How to test : At the moment, it only works with Mozilla using X11 core font. Mozilla with Xft doesn't yet work (bug 176290 deals with the issue). Neither does it work for MS Windows and MacOS. I guess what has been done for MathML can be employed to make this work under MS Windows and MacOS. 1. Downloadl New Gulim and Old Gulim as explained in comment #2. 2. Put them somewhere on your machine (in a separate directory) 3. Make fonts.scale with the following content: 2 Ngulim.ttf -HanYang-Newgulim-medium-r-normal--0-0-0-0-p-0-iso10646-1 Ogulim.ttf -HanYang-Oldgulim-medium-r-normal--0-0-0-0-p-0-iso10646-1 4. Run 'mkfontdir' in the directory 5. Make fonts.alias with the following content: -HanYang-NewGulimJamo-medium-r-normal--0-0-0-0-p-0-hykoreanjamo-1 \ -HanYang-NewGulim-medium-r-normal--0-0-0-0-p-0-iso10646-1 -HanYang-OldGulimJamo-medium-r-normal--0-0-0-0-p-0-hykoreanjamo-0 \ -HanYang-OldGulim-medium-r-normal--0-0-0-0-p-0-iso10646-1 '\' at the end denotes the continuation and two lines separated by '\' have to be concatenated into one line. 6. If your XFree86 (Linux/FreeBSD/NetBSD) configuration is set up to load 'freetype' module by default, just running 'xset fp+ `pwd` ' will make these fonts available. You can change XF86 configuration to load 'freetype' module next time you launch X server. 7. If not, you have two options. A. Add the directory to the list of paths searched by xfs (most Linux distributions these days use xfs) in your xfs configuration file (/etc/X11/fs/config or /usr/X11R6/lib/X11/fs/config) and relaunch xfs ('kill -USR1 PID_of_xfs' will effectively do it. B. Run a separate xfs at a different port. In that case, you have to make xfs configuration file. When bug 176290 is resolved, Xft-enabled Mozilla would relieve end-users of this chore completely.

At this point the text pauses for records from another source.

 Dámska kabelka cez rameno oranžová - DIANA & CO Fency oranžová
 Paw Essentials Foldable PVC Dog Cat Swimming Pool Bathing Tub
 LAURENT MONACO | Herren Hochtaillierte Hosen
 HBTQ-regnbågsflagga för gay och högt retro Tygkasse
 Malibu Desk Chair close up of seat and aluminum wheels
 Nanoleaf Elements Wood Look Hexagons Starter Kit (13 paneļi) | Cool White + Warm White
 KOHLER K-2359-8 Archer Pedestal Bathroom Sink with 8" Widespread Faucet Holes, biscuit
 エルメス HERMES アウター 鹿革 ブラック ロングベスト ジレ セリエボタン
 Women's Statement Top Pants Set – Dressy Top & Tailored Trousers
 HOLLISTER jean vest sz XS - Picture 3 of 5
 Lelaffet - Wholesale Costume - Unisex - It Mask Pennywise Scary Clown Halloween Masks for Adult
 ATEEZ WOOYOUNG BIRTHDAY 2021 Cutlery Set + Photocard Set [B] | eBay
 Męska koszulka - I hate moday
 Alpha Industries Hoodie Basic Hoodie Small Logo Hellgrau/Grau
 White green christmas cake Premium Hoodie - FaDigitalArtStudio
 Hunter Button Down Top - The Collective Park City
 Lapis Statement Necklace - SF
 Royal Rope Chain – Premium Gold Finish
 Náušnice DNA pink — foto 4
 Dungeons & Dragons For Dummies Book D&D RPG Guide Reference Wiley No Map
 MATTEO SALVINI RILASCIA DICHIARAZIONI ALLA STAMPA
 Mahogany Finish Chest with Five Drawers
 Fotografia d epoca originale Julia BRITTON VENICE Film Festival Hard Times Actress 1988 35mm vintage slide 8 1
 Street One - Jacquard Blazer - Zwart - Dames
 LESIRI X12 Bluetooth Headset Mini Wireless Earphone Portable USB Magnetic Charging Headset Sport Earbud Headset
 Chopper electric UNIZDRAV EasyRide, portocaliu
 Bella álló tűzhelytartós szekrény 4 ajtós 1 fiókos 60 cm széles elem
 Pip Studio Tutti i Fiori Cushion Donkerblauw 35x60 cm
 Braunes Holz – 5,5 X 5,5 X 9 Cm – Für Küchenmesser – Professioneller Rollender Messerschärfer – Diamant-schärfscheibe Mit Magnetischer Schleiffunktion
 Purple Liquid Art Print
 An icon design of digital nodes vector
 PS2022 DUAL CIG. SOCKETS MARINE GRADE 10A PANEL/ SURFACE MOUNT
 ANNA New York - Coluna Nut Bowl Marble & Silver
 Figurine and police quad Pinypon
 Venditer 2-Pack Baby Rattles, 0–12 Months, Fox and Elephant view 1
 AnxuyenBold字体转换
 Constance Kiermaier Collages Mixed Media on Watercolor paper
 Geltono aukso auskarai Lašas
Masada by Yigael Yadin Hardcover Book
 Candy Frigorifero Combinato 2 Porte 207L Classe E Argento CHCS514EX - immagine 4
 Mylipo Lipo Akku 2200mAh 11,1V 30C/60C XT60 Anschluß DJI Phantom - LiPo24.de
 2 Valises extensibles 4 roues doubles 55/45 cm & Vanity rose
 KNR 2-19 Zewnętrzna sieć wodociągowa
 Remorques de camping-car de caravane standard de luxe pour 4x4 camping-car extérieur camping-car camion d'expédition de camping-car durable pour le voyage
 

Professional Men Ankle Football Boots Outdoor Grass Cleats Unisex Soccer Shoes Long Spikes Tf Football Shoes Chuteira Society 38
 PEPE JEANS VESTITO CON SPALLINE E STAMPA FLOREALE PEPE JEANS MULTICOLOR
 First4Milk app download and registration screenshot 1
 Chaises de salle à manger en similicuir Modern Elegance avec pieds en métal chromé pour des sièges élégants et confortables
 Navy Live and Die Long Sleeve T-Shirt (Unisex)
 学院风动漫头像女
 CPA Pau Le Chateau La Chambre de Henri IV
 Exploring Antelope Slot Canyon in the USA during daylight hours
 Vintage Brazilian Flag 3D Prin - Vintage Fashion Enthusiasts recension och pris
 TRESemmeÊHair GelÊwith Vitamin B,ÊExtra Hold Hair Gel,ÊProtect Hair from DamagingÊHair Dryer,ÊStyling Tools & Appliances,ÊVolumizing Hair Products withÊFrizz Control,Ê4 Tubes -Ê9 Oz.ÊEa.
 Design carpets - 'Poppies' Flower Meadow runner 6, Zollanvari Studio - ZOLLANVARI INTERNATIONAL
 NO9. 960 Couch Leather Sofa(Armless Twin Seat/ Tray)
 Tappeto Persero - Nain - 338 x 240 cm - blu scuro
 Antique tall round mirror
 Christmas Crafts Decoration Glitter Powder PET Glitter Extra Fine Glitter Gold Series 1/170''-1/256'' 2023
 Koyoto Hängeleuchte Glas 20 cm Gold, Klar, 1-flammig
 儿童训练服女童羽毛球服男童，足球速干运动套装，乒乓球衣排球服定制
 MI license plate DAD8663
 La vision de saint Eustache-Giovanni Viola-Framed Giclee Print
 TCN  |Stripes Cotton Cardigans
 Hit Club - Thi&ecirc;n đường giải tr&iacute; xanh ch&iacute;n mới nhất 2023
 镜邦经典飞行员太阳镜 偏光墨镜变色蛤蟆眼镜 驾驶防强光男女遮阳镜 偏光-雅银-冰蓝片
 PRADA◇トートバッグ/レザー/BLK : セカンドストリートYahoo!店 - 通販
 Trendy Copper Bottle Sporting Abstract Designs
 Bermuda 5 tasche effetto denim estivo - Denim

It'd be very nice if somebody could review my patch. (There are for sure some rough edges.) I'm not sure whom to ask for review. The goal of this bug is writing a converter for these custom-encoded fonts and I think I achieve the goal except for 4,500 syllables missing in the conversion table(oj2ns.h) from Jamo seq. to precomposed syllable glyphs in Nxxx style fonts.(see comment #10). Not having them doesn't prevent Nxxx style fonts from rendering the total of 1.5 million syllables because they have fall-back glyphs for combining Jamos. These fall-back glyphs can be used for on-the-fly generation of glyphs for syllables.
I gave wrong URLs in comment #12 and comment #13.They should be http://jshin.net/i18n/korean/ngtest.html http://jshin.net/i18n/korean/ogtest.html Two more test pages are up at http://jshin.net/i18n/korean/hunmin-ng.html http://jshin.net/i18n/korean/hunmin-og.html (You can figure out how the page should be rendered by looking at http://jshin.net/i18n/korean/hunmin.html with Mozilla-Xft or Mozilla-FT with CODE2000 font installed.) While testing two pages above, I found a problem with my converter dealing with the end of a run. Actually, I think I'm doing the right thing (except that it doesn't yet check the output buffer overrun) with 'Finish' and 'Convert' method. (What I did is similar to what's done in nsUnicodeToUTF8 to deal with surrogate pairs). It seems like 'Finish' method is called NOT before BUT after the first character NOT representable by my converter. That is, when 'C_1C_2C_3C_4N' (where C_i's stand for covered characters and N is for a non-representable character) and C_4 is in the buffer without being committed (because characters to come in next chunk of input can combine with C_4 just like high surrogate in UTF-16 can combine with low surrogate ) when N is encountered. 'Finish' method seems to be invoked AFTER 'N' is rendered instead of BEFORE 'N' is rendered. The result is 'C_1C_2C_3NC_4'. Could any one shed some light on this? I'll also look around. Thank you.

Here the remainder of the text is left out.